* **Provided information**

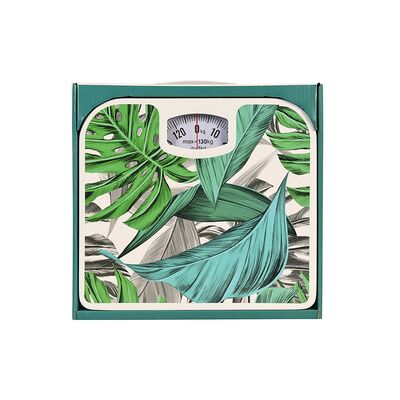 Waga mechaniczna SAMOA MULTI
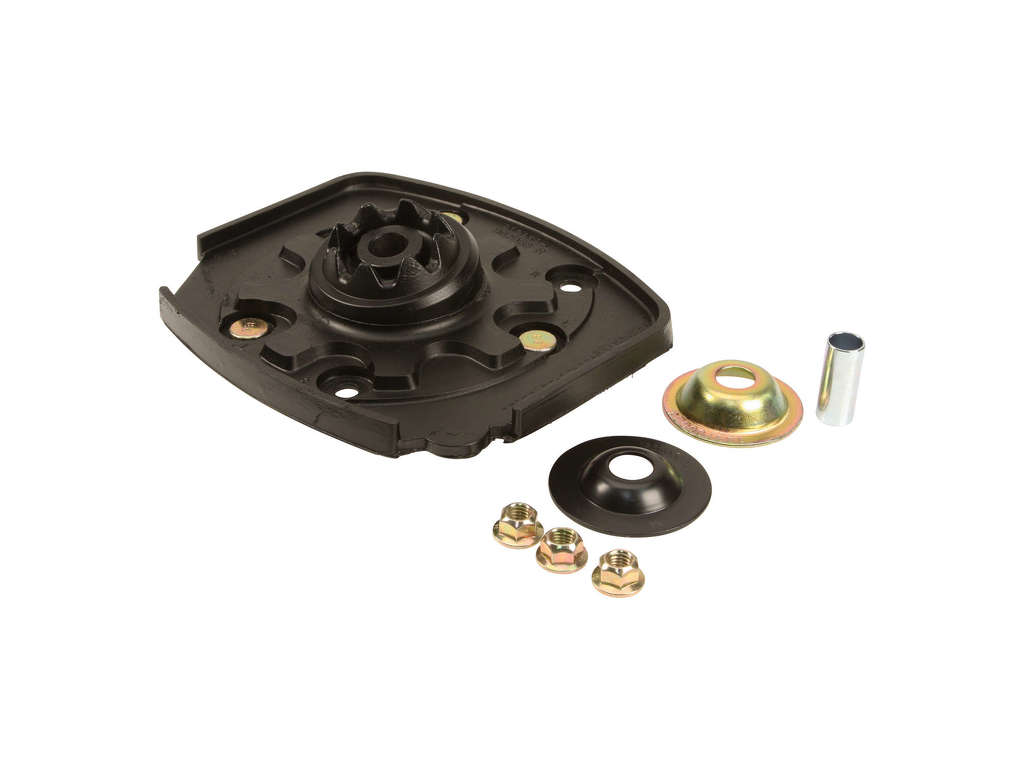 1995-2001 Chevrolet Lumina Suspension Strut Mount - Rear Left (Monroe)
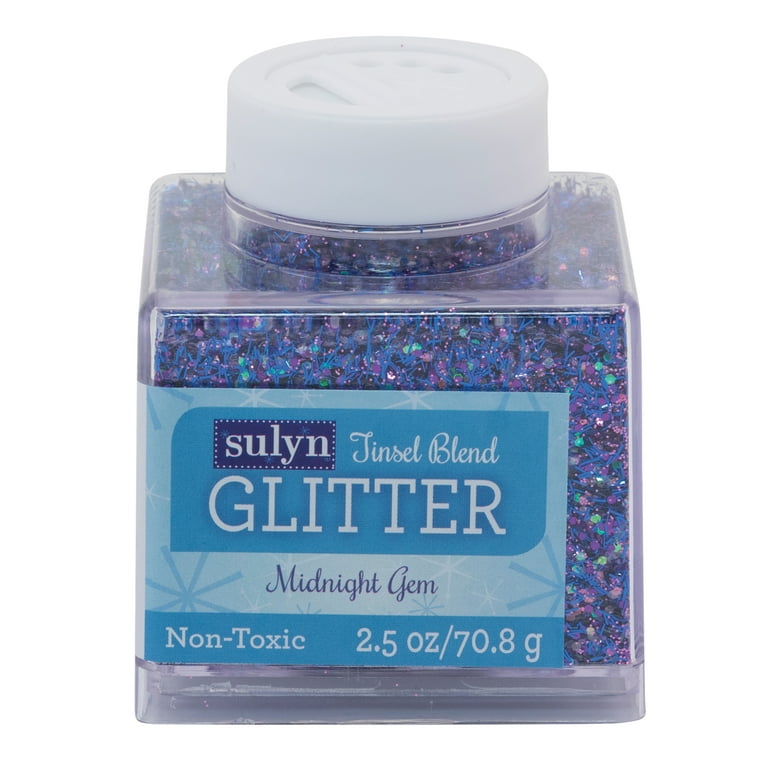Glitter Delight - The Glitter Graphics Maker
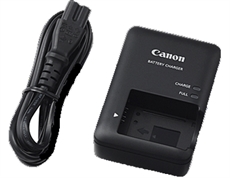 Canon CB-2LCE batteriladdare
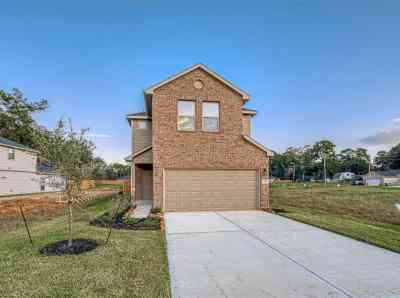 24708 Stablewood Forest Court 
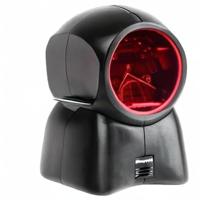 Barcodelezer met Houder Honeywell Orbit 7190G Zwart - thumbnail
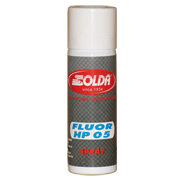 Solda FLUOR HP05 Spray -1°...-19°C, 75ml Solda FLUOR HP05 Spray -1°...-19°C, 75ml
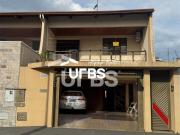 SOBRADO 186MT 3 QUARTOS SENDO 1 SUITE SETOR JARDIM AMERICA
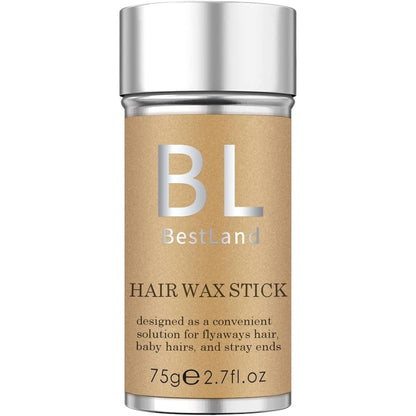 BestLand Hair Wax Stick front view packaging on a clean background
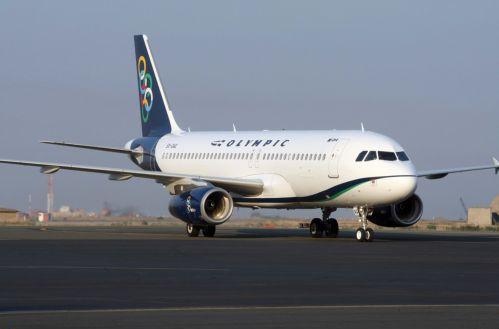 Μνημόνιο συνεργασίας υπέγραψαν ΕΟΤ και Olympic Air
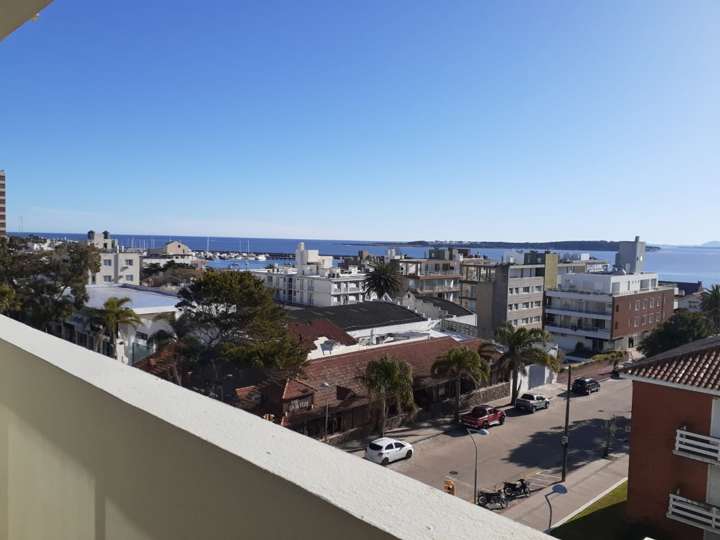 Apartamento en venta en Maldonado
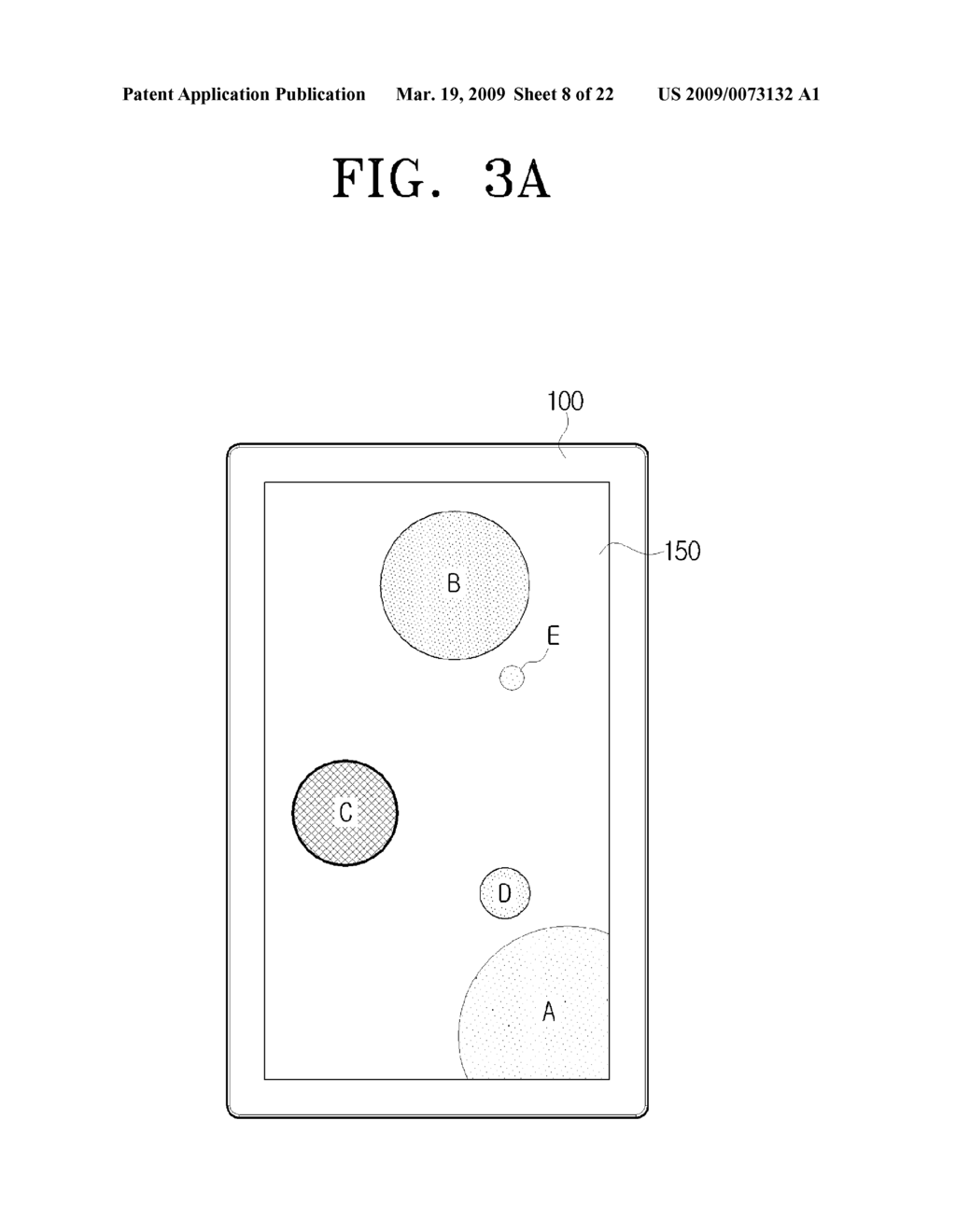 METHOD FOR PROVIDING GUI AND MULTIMEDIA DEVICE USING THE SAME - diagram, schematic, and image 09
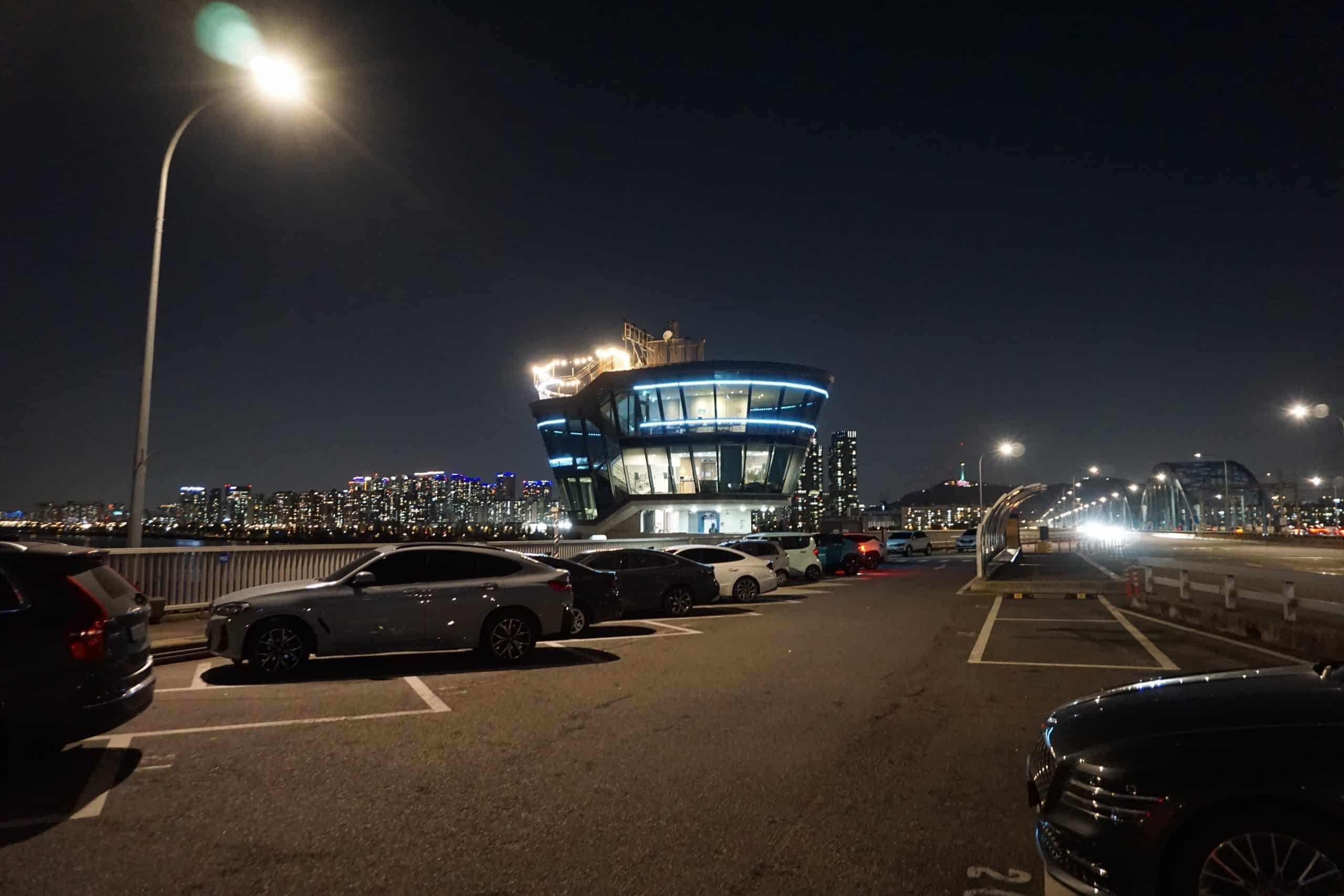 ZEISS DriveSafe와 함께한 동작 노을카페 방문기 (4)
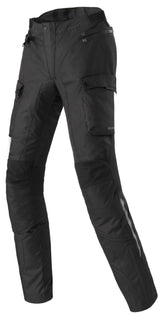 CLOVER SCOUT-3 WP PANTS LADY SHORT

* **Exercise details**
Of the lines above, copy only those from the one holding "1995-2001 Chevrolet Lumina" to the one holding "Barcodelezer met Houder", both included, and exclude every image.

* **Response for this exercise**
 1995-2001 Chevrolet Lumina Suspension Strut Mount - Rear Left (Monroe)
Glitter Delight - The Glitter Graphics Maker
 Canon CB-2LCE batteriladdare
 24708 Stablewood Forest Court 
 Barcodelezer met Houder Honeywell Orbit 7190G Zwart - thumbnail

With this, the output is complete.